Mortensen fears that, “because the history of big-budget Hollywood fare has been one in which you’ve seen Native American culture, Islam and Arabs at the very least misrepresented,” it will (and already has been) criticized for being anti-Arab or anti- American Indian. “You see that poster, you see the trailer, and you say, ‘Oh, God, not another movie like that — cowboy goes over there, he’s gonna solve the problems or he’s gonna tell ’em what to do,” says Mortensen. “These are people not seeing a movie,” he adds, explaining that the film “treats the cultures in a respectful and dignified way.” In the ends, this is a story about “a guy who is invited, goes out on a dare really, doesn’t know what he’s getting into and makes up for his ignorance by being curious.”
The culture in the Middle East was so different from what the former Pony Express rider was used to, but Mortensen reiterates that the common human truths were the same — elements like family, perseverance, love and heroism. “It doesn’t matter what culture you live in,” he says. “It’s the same story you get all the time, it just depends on how well you tell it.”
Egyptian-born actor Omar Sharif, who played Sheikh Riyadh in Hidalgo, was part of the team that helped depict the Arabic culture so well. Plus, for Mortensen, working with Sharif — who earned Mortensen’s respect for his legendary performance in the 1962 classic Lawrence of Arabia — was “remarkable,” and “not just as an actor.”
Outside in the hallway, some employees are chatting and setting up another room. Mortensen, without hesitation, gets up to shut the door. Atypically Hollywood, he apparently knows how to open and shut doors on his own. He returns, thinking nothing of it.

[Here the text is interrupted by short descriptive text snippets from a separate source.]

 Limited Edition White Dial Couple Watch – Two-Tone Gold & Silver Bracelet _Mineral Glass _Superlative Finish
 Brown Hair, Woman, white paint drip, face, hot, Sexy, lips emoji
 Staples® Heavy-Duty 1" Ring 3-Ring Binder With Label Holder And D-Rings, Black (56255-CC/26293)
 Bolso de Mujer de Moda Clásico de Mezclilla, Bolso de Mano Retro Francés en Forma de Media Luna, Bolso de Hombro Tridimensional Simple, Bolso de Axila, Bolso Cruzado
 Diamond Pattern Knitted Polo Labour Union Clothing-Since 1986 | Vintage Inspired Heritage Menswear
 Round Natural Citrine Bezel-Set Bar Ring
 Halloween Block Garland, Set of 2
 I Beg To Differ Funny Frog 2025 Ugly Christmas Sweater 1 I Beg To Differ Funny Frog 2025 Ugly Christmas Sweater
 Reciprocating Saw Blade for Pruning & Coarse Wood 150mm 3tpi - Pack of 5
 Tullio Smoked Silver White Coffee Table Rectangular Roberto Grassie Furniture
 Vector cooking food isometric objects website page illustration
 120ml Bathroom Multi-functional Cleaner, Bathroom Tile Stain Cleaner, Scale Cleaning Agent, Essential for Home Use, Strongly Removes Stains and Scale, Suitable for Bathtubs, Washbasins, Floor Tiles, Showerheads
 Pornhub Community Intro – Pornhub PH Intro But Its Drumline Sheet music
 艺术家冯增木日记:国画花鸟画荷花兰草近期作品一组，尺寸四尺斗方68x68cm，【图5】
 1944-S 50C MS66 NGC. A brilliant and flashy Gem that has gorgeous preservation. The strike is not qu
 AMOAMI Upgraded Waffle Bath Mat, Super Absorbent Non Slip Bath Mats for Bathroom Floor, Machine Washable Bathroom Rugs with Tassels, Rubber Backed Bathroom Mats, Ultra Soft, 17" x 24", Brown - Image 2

Conversation inevitably goes back to the desert, where most of the film was shot. Some days during production, Mortensen said he would ride out into the expanse and “it would be all stars, sky and sand as far as you can see. On the one hand it shows you how isolated and insignificant you are as an individual, but on the other hand, it tells you how connected you are.”
Hidalgo, in Mortensens’ eyes, presents that same effect — the reduction of humans to the simplest of elements, in turn, reveals a sort of equality. “It’s a story that to me, without being a ‘message movie’ or political in any way, does speak to the fact that it makes a lot of sense to try to find common ground with other people,” he explains. “You can ignore that fact your whole life, but as soon as you separate yourself, you’re depriving yourself of the experience of getting to know other people.” Mortensen’s views about the Arabic culture have an underlying political tone, but at the same time, they are humble.
Underneath it all, from the politics to his fashionable blue jean shirt, Mortensen is a simple man — surprisingly similar to his character in Hidalgo.
The actor seems to seek simple goals: acceptance, equality and art. Despite his unpretentious demeanor, he is, at heart, an artist. His left brain clearly holds the reins, as exemplified by his rambling answers to questions and his published works of poetry and photography. Regardless of his ridiculous success with his Lord of the Rings reign, Viggo Mortensen is not looking for fame or fortune. He only wants to continue doing what he loves — promoting self-discovery, equality and, of course, art.